Local clinicians and epidemiologists: Our participation in the local London metabolism community through Food, Metabolism and Society (FMS) @ UCL will introduce these beneficiaries to features of human biology that should be considered for impact on disease and nutritional management. Considering novel aspects of the biology and genetics of glucose metabolism may stimulate new genetic approaches to patient and population analysis. Of potential interest to clinicians, information gained about differential function of CHC22 genetic variants could have relevance to genetic predisposition to IR and T2D that might be nutritionally regulated to prevent onset. This engagement and the recent successful funding to launch FMS @ UCL are described in the Pathways to Impact statement.

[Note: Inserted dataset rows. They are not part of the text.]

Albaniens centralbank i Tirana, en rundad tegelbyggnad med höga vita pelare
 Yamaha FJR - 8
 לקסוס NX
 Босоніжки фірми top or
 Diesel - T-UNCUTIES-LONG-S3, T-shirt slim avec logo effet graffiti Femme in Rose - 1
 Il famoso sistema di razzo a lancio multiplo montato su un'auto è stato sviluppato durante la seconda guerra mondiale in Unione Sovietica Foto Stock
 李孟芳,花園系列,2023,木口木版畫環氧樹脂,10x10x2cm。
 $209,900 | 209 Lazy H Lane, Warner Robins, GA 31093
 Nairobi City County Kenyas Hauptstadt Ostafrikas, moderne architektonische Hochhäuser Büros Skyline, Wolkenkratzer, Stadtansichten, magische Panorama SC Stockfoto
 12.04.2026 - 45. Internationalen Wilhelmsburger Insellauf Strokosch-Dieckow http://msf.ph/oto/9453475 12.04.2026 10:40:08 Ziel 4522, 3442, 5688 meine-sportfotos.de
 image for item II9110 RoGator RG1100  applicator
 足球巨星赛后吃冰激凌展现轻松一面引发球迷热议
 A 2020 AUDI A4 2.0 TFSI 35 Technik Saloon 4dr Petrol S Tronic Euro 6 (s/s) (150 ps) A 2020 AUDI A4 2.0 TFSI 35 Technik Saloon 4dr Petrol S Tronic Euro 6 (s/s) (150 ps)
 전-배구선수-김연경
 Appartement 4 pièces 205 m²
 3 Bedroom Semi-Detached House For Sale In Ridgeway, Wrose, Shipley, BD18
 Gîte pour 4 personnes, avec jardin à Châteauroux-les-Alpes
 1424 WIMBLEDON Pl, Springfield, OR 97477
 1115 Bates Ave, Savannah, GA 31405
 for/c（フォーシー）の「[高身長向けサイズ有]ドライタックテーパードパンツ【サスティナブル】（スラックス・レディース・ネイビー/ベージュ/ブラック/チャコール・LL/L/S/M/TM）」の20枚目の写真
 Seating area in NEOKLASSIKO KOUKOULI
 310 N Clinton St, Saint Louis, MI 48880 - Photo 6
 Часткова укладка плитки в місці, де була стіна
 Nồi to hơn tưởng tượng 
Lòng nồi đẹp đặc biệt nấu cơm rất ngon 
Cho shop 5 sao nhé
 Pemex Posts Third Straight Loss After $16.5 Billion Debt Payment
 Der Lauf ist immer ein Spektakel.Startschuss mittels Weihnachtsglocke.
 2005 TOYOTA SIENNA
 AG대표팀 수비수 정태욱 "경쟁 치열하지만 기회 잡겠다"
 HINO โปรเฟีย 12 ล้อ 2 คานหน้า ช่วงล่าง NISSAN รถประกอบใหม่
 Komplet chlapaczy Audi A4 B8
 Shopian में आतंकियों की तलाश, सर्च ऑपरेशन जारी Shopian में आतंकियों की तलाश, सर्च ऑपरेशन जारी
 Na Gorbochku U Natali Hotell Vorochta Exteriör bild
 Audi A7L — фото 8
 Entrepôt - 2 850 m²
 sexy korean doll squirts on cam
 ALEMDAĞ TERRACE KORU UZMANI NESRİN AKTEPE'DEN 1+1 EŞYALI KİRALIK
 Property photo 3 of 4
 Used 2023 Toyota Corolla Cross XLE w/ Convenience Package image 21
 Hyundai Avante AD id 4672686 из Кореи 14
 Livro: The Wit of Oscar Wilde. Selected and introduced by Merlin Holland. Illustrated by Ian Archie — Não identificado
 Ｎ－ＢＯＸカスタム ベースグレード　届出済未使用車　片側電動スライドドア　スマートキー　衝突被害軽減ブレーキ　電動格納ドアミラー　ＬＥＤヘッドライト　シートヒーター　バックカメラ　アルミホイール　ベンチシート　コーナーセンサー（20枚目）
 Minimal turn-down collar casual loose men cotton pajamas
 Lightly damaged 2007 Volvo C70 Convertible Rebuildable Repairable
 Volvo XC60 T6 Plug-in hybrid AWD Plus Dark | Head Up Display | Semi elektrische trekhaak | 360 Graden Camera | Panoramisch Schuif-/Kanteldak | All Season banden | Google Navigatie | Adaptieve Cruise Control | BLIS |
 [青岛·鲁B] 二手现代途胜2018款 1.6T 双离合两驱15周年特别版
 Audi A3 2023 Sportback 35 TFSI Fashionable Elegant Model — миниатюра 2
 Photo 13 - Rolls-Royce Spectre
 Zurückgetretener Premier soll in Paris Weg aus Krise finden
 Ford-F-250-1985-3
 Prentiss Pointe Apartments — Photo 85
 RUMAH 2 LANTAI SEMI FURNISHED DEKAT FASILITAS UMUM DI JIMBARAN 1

Pharmaceutical industry: Identifying CHC22 clathrin as a key player in GLUT4 retention and storage suggests that the CHC22 pathway is a potential target for therapeutic treatment of insulin resistance. In the medium term, it is conceivable that our work could lead to novel therapeutic strategies for interrupting pathways to insulin resistance.

Patients with IR and T2D: By focusing on the cell biology of the GLUT4 pathway in humans, our work will, in the long term, impact the health and wellbeing of millions of people living with T2D and IR. Our research could lead to translational studies, drug development, and personalized medicine approaches that will ultimately increase the health and quality of life of these patients. Outreach activities planned through FMS @ UCL will further aid in educating this community about our work and its potential outcomes.

In conclusion, our work will have an impact on, and beyond, the academic disciplines of GLUT4 trafficking and clathrin cell biology, extending to clinicians and the general public. In the Pathways to Impact section we detail our plan to ensure these impacts are achieved.